They are there, almost everywhere. The Tibetan Buddhist tradition believes that spinning these wheels has the same effect as verbally reciting the prayers. The Mantra Om Mani Padme Hum is most commonly used as the sacred message. Hence these wheels are also known as Mani Wheels. Invented as early as 9th century CE, these prayer wheels made us wonder about the smartness of the ancient pilgrims and how technology inspired them to automate their daily prayer ritual into an effective, time-saving innovation.
Here’s a list of a few types that we came across:
Hand prayer wheels
Cylindrical, metallic shaft set into a wooden handle that turns on a circular bearing commonly made of Turbinella (conch) shell. The cylinder itself is affixed to a cord or chain terminating in a metal weight allowing it to be spun by a slight rotation of the wrist. This one is most commonly used by pilgrims and followers alike for the day-long prayers.
Stationary prayer wheels
These Buddhist wheels are most commonly seen in the monasteries. Large fixed metal wheels which are kept side by side in huge numbers. The visitors are expected to rotate them with their hands while walking across them.
These are Buddhist prayer wheels that are turned by flowing water, like a turbine. The water which touches these wheels is also considered holy.
These types are rotated by the wind. They are often found in and around Buddhist houses, made by basic artifacts like water bottles, paper etc. Supposedly, the wind that touches the prayer wheel helps to negate bad influence.
Usually found in the monasteries, these Buddhist prayer wheels are turned by the heat of a candle or melting butter. The light emitted thereby is said to purify negative karma.

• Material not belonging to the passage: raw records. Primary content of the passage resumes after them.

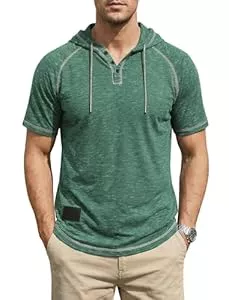 Aulemen T-Shirts Aulemen Kapuzenshirt Herren Kurzarm T Shirt mit Kapuze Herren &amp; Knopfleiste Sport Hoodies T-Shirt Henley Sport Fitness &amp; Freizeit M-3XL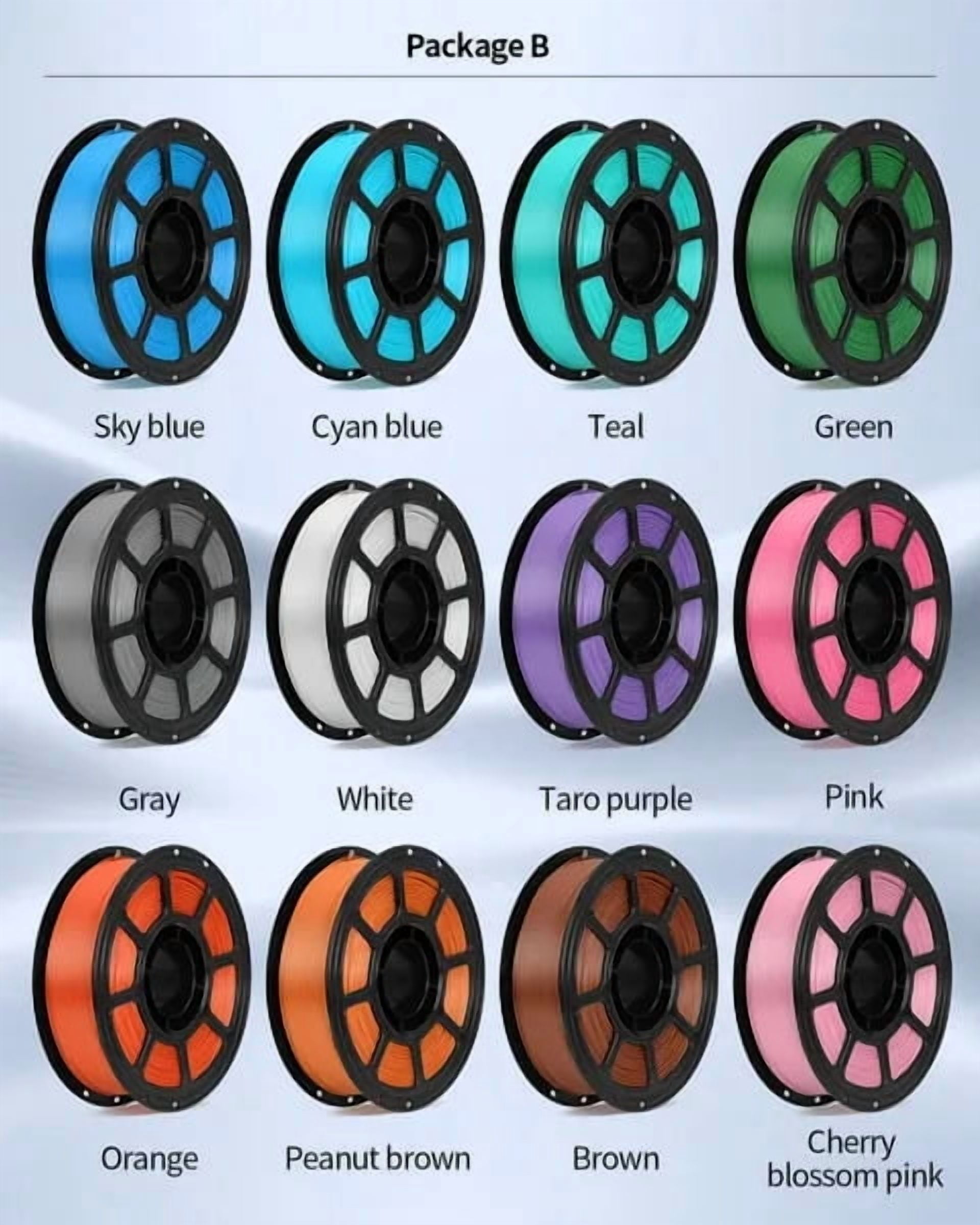 12 Pack PLA 3D Printer Filament Set, 12 Assorted Classic Colors 1.75mm Multicolor PLA Printing Material, Perfect for DIY Crafts, Models, Prototyping, Compatible with Most FDM 3D Printers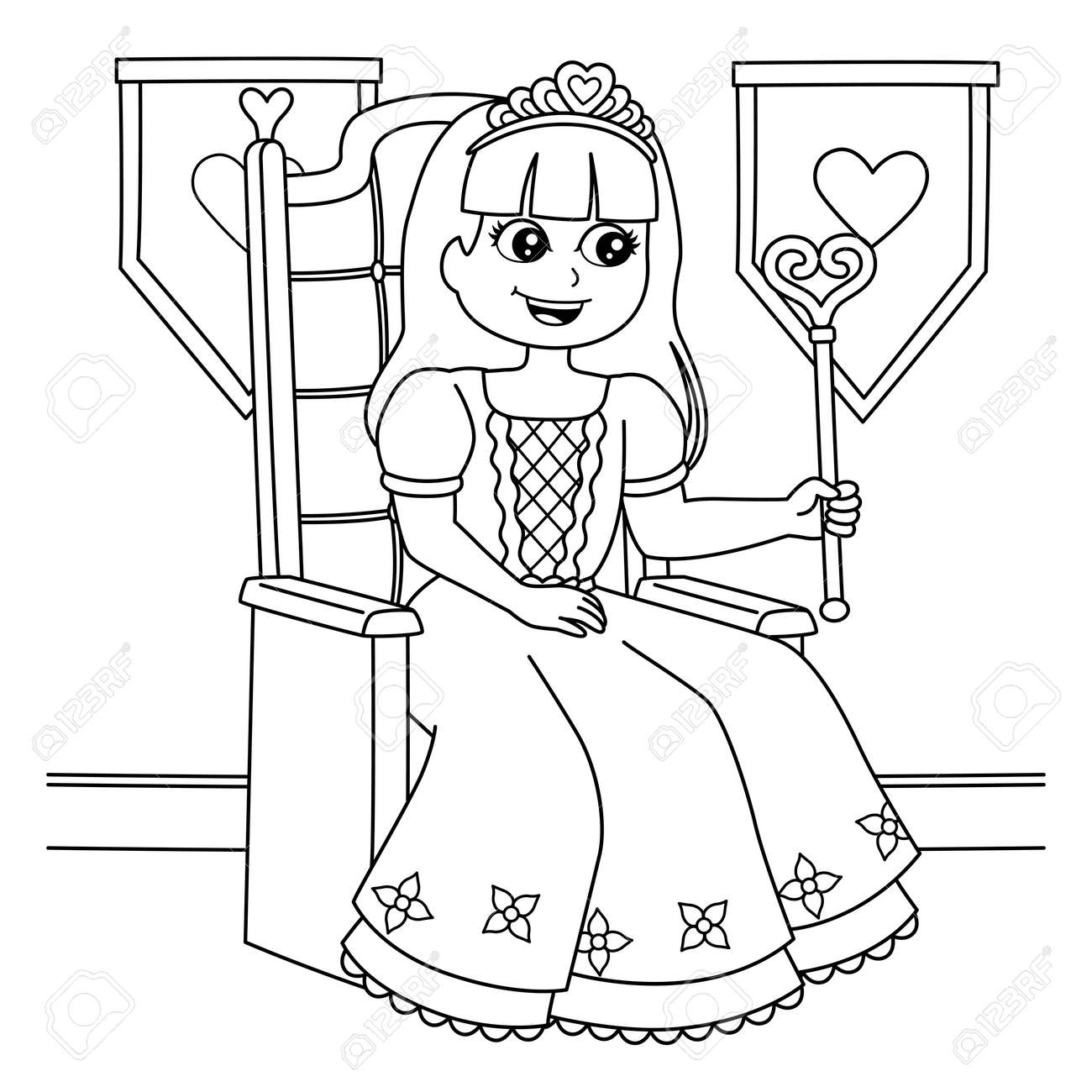 Princess coloring page for kids royalty free svg cliparts vectors and stock illustration image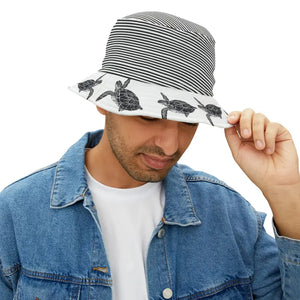 Turtle Print Bucket Hat - Vibrant Polyester Summer Style - Dipaliz - Small / White Stitching - Hats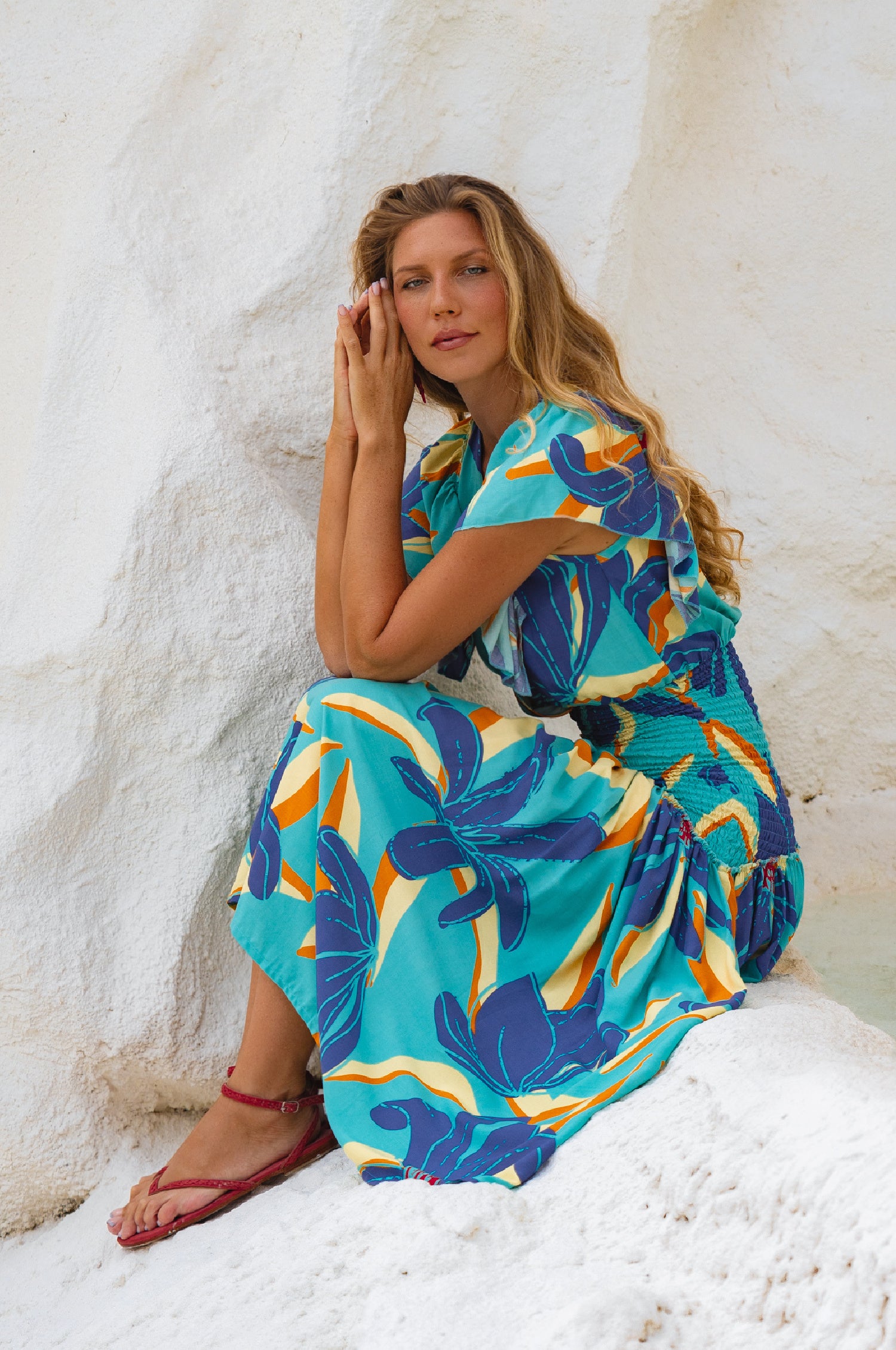 Sunshine Bohemian Midi Dress - Blue Hibiscus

These are the latest addition to the Buddhist prayer automation framework. Powered by motors, often accompanied by lights, these prayer wheels are somewhat looked down upon by the staunch believers.
Often found on car dashboards, these wheels are more of a touristy souvenir item and their religious powers are rarely discussed. They have a solar panel which helps converts solar energy to mechanical energy thus resulting in the required rotation.
These prayer wheels make us wonder how technology can influence our lives, even in the abode of God.